[Start of Attachment]
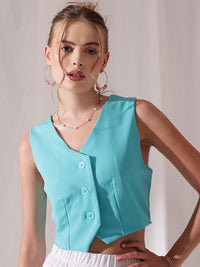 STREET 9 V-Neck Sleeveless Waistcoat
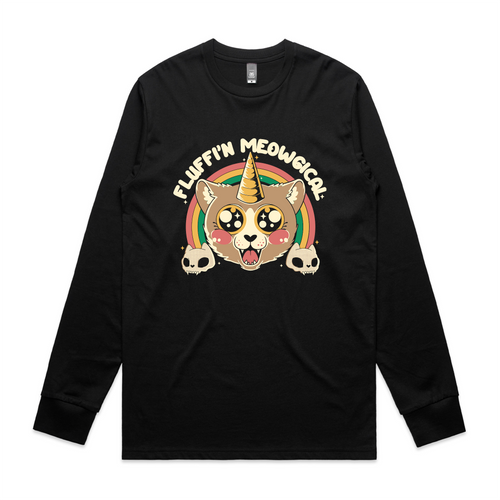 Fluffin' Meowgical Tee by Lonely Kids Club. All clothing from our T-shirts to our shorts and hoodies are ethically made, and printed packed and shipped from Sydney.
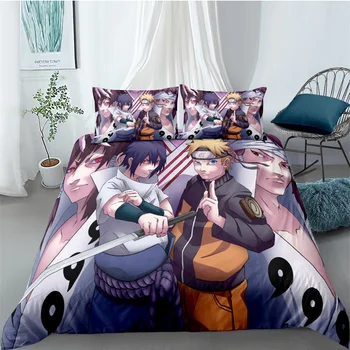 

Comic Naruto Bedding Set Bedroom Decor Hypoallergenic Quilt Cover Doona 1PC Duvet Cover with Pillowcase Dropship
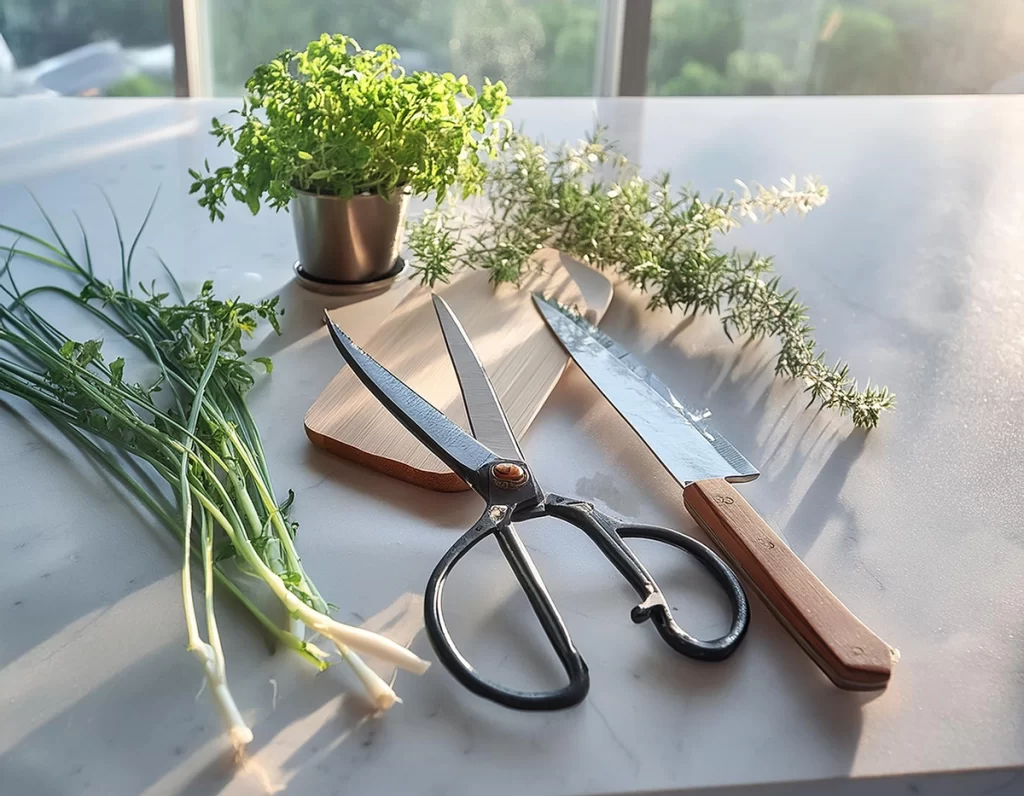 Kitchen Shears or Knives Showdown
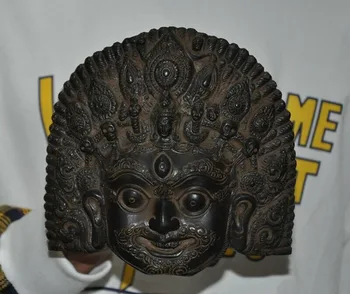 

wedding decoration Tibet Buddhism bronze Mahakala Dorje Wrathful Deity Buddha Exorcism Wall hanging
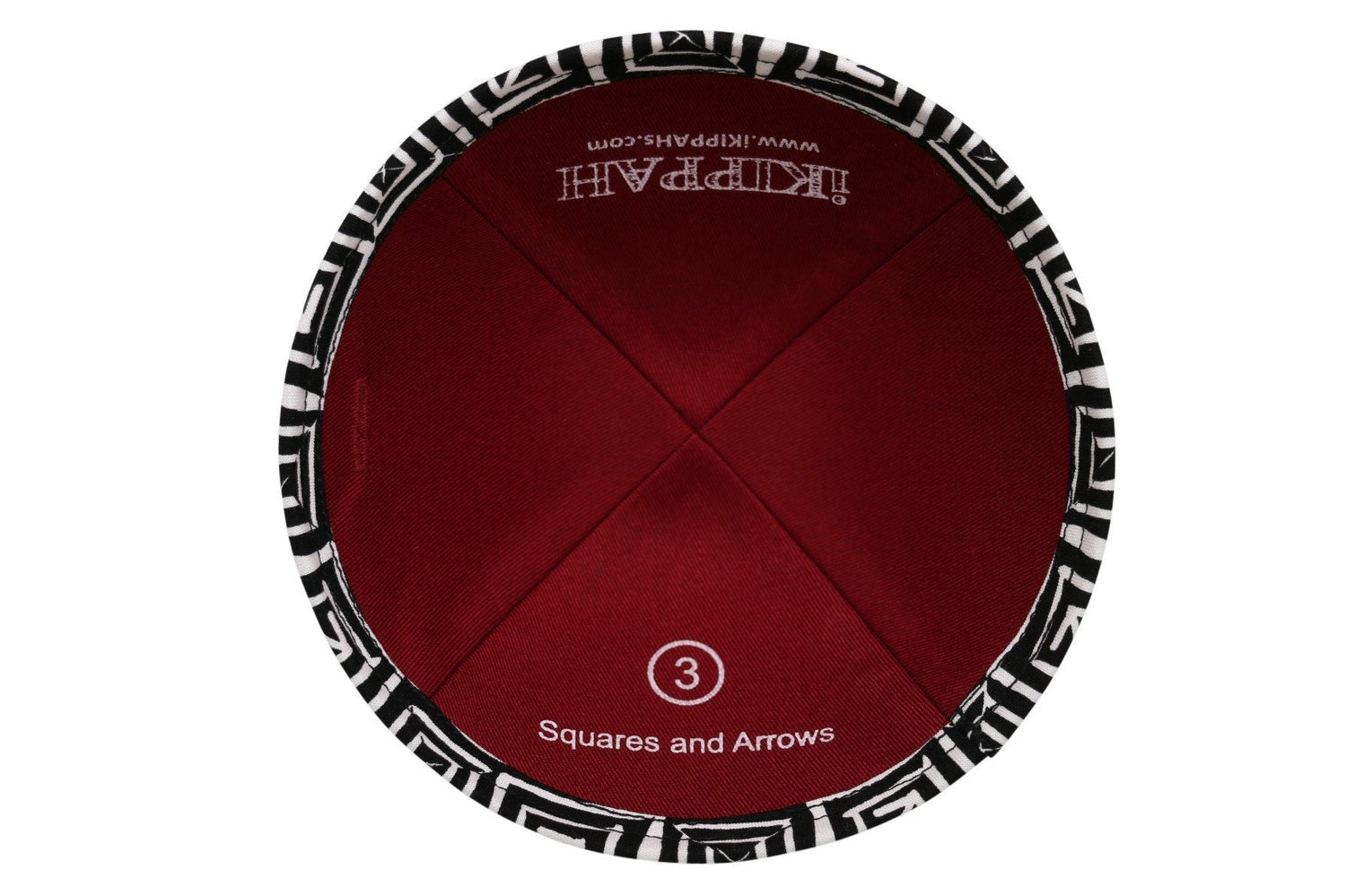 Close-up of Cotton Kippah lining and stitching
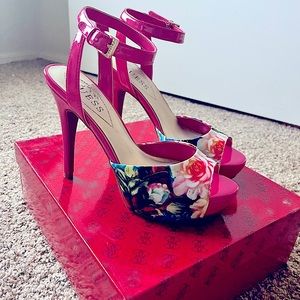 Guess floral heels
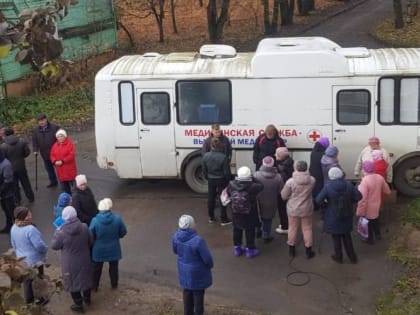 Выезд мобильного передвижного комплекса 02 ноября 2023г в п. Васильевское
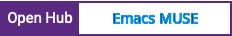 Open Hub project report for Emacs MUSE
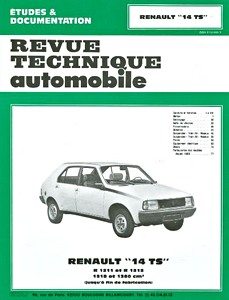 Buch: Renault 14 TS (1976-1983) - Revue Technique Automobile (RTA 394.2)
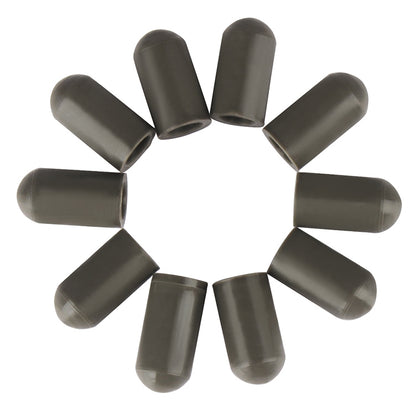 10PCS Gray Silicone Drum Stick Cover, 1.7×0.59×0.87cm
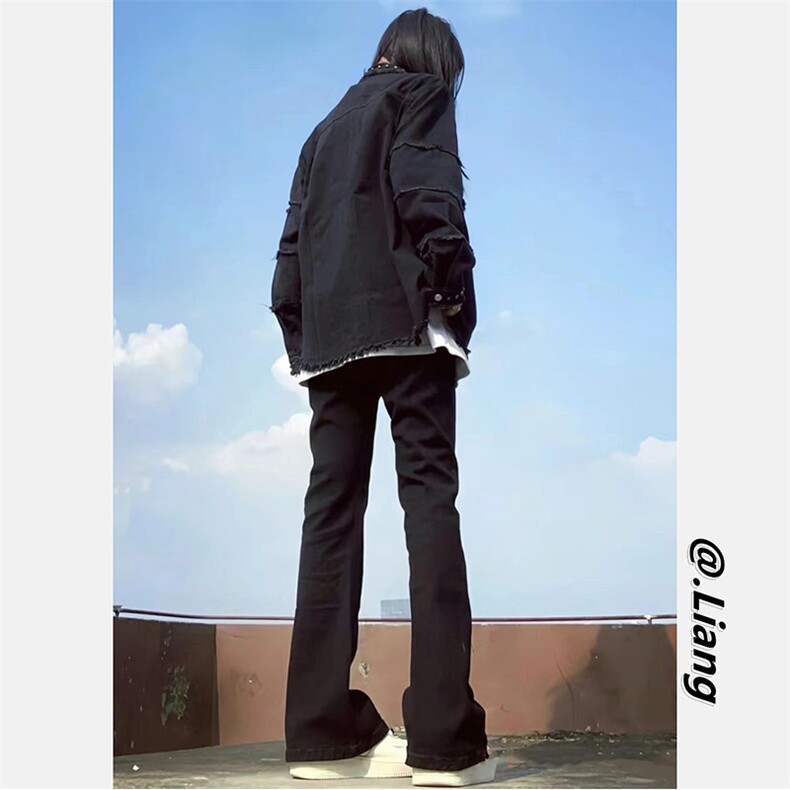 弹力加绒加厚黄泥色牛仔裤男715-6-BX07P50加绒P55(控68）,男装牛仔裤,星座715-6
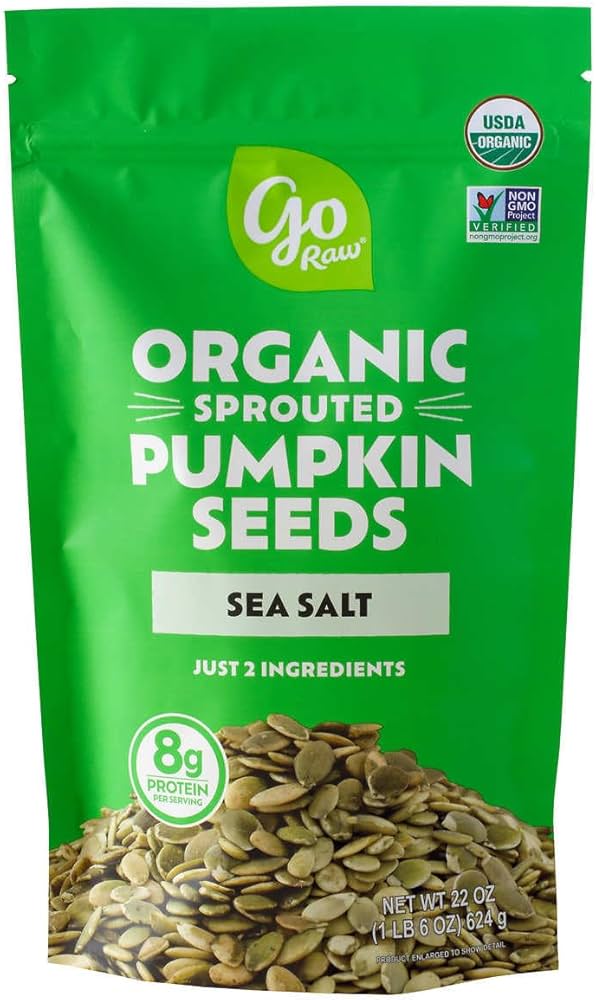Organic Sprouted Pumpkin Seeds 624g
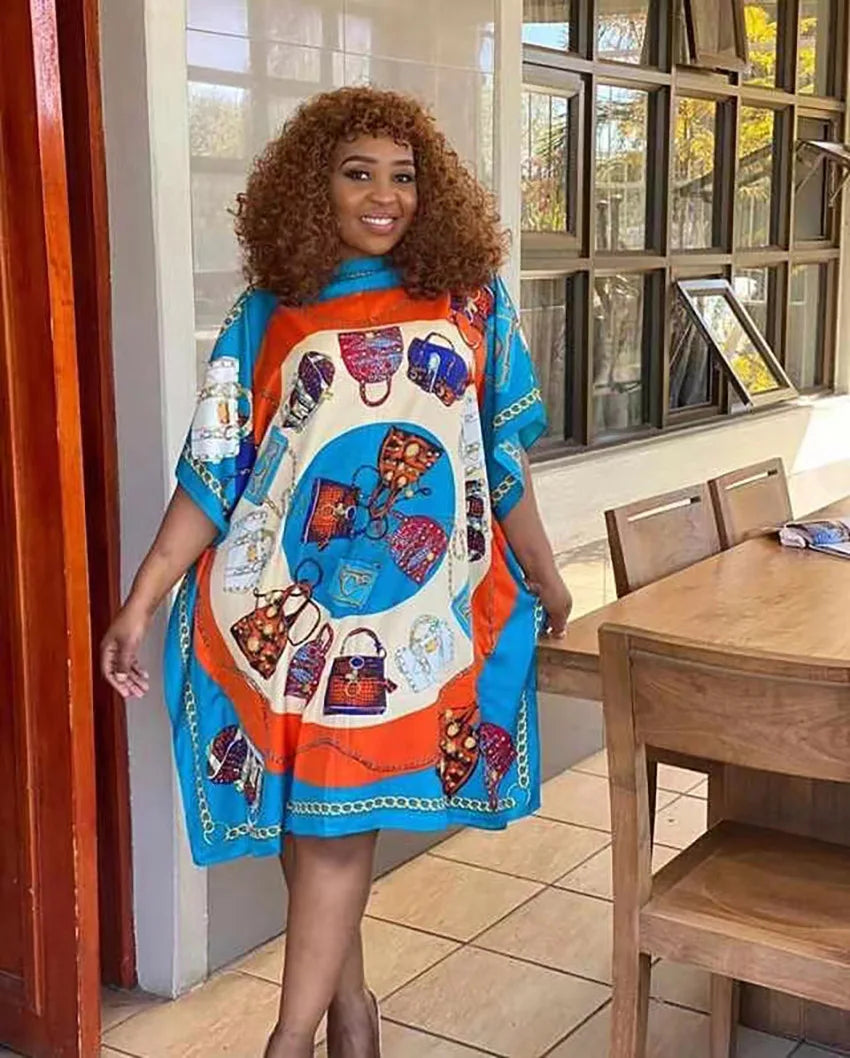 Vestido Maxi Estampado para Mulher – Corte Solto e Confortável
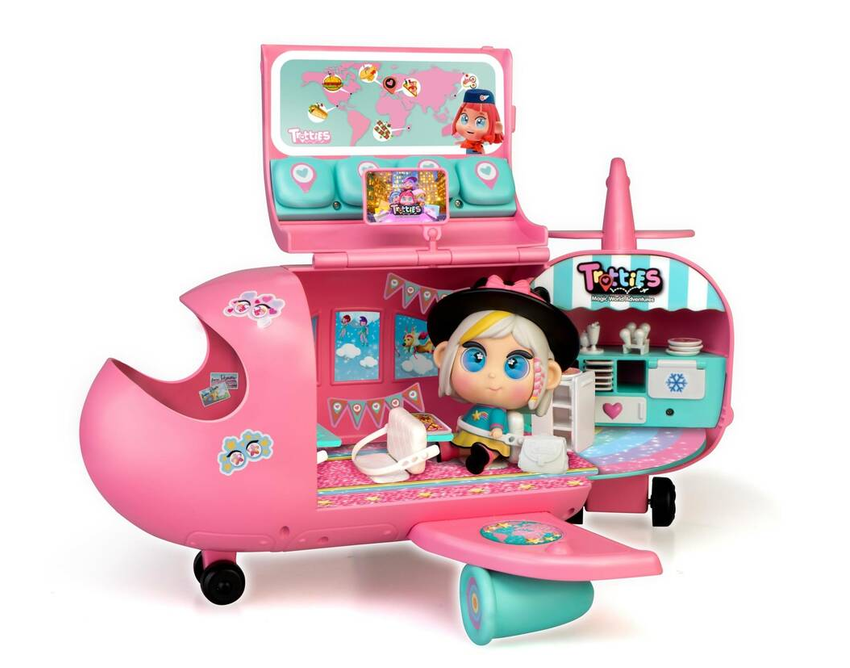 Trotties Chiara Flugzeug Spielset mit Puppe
[End of Attachment]
§ **WHAT THE TASK REQUIRES**
Starting at the line above with "Comic Naruto Bedding", output every line exactly up to and including the line with "Open Hub project report for Emacs MUSE", but none of the pictures.

§ **RESULT FOR THIS EXERCISE**
Comic Naruto Bedding Set Bedroom Decor Hypoallergenic Quilt Cover Doona 1PC Duvet Cover with Pillowcase Dropship
 Kitchen Shears or Knives Showdown

wedding decoration Tibet Buddhism bronze Mahakala Dorje Wrathful Deity Buddha Exorcism Wall hanging
 Close-up of Cotton Kippah lining and stitching
 Guess floral heels
 Выезд мобильного передвижного комплекса 02 ноября 2023г в п. Васильевское
 Open Hub project report for Emacs MUSE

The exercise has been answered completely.